SI: How did this story come about?
NACK: I had started to do historical pieces for the magazine, and the focus groups had found that there was a lot of interest in them. And they kept asking me to do it. I enjoyed it. At one point [around 1990] Steve Robinson, an editor who loved this historical stuff, said “Would you be interested in doing a piece on Sonny Liston?” I said, “Yeah I’d love to do that, he sounds like a good subject.” He said, “OK can you get it here in five or six weeks?” I said, “Yeah I’ll do my best.”
I went into the library at SI and I spent an entire day reading clips of Sonny’s life and xeroxing them. I did this for like 12 hours. That was my usual procedure. One of the clips said that upon his death that his wife Geraldine had discovered the body when she had returned home from a trip. And the first thing I thought of when I read that was, This is my lead. I want to lead the story with Geraldine discovering Sonny’s body. I liked the device because it would allow me to establish where I was with this character and then flash back to his entire career and then end with the funeral and visiting his grave. It all kind of flashed to me how I wanted to organize it.
I thought if I could start here a flashback would be able to encompass his entire life and then I could bring it forward. I knew that he was buried in Las Vegas, that was in the clips and I knew that the procession had been down the strip. I thought that’s interesting. I figured I could find people who had witnessed it or could talk about it.
SI: How did you track down his former wife?
NACK: It took me two or three weeks to find Geraldine. All sorts of trails had run out and I just couldn’t find her. And I really tried. People said, "I think she’s in St. Louis," but there was no listing for her. At some point I contacted a film production company that was trying to do something on Sonny’s life. I got ahold of this guy and he said, "I know where she is." I said, "Oh my God, can you give me her number?" He was a little reluctant but he finally gave me her number.

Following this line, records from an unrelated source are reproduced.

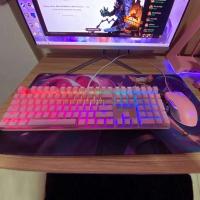 Juego de teclas de teclado nical DIY, 104 Uds., OEM, retroiluminado, un solo Color, ABS, tapa rosa para teclas Cherry MX 61/87/104 - details 2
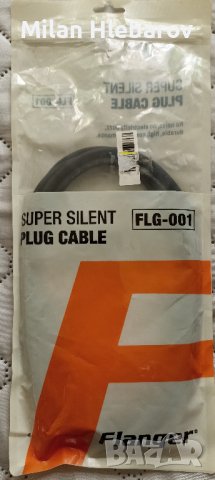 Кабел с два "super silent plugs" безшумни жака, снимка 2 - Други - 39073891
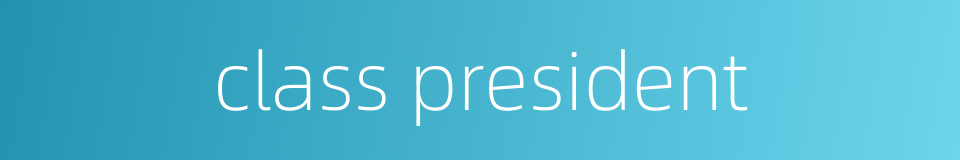 class president的同义词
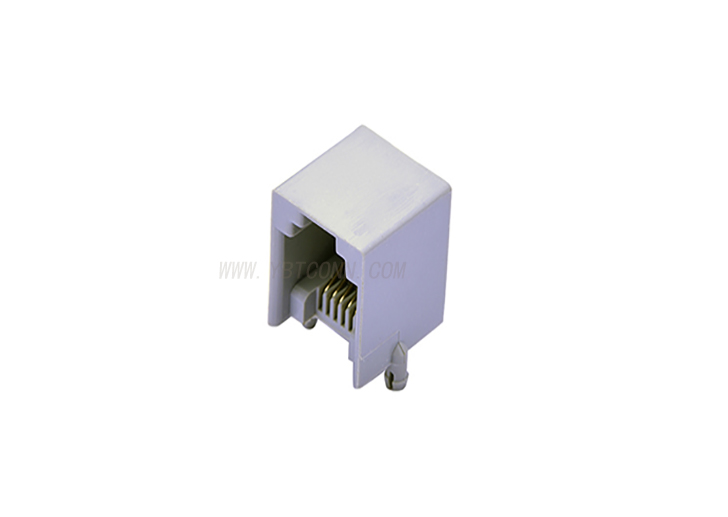 RJ11 6P6C 90° 穿孔式 灰色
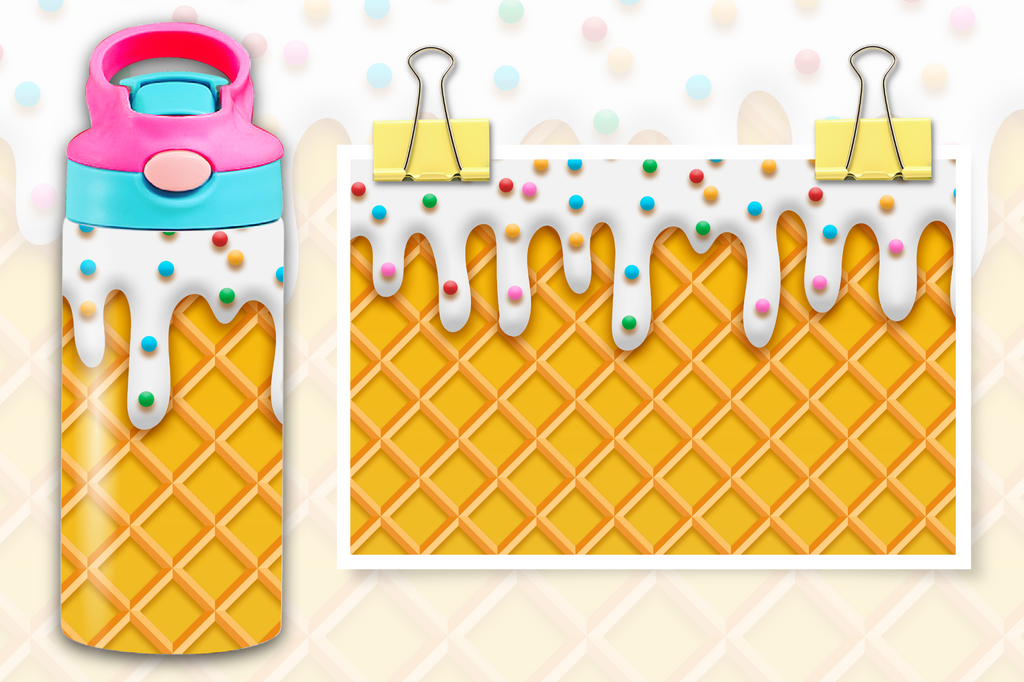 Ice Cream Cone 12oz - Kids Sippy Digital Download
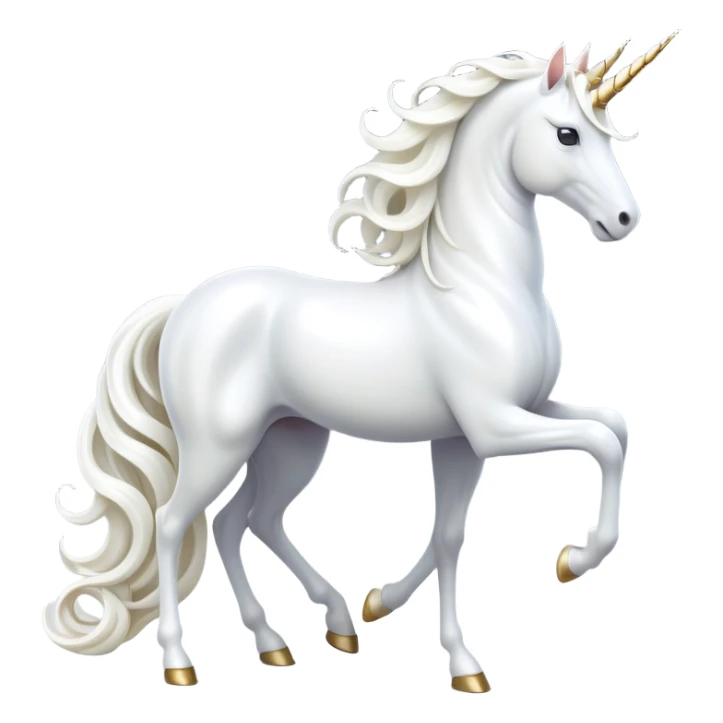 cinematic-beautiful-white-unicorn-emoji,-poised-and-regal,-with-a-slender,-ethereal-form-draped-in-a-pristine-white-color,-a-flowing-mane-and-tail,-and-a-white,-spiraled-horn-that-radiates-pure-light,-simplified-yet-sharp-and-majestic sticker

I had all my demeanors prepared, and I called her on the phone and she answered. I said, “I’m Bill Nack from Sports Illustrated, and I’m doing a long story on your late husband.” She said, “Oh really.” I said, “I’m really interested in what he was like as a person.” I didn’t go right into the death. She said he was a great guy, loved kids but “I don’t know if I want to talk about him.” I said “I’m not doing a book or anything. This is a chance to talk about Sonny for a very large audience.” I used to say this to people: Sports Illustrated had the longest reach of any magazine in America because it has such a long shelf life: 20-25 million people. She said “OK, I suppose enough time has passed, but this is still painful for me. What would you like to know?” I said, “I understand you discovered his body. I’d like to know the circumstances.”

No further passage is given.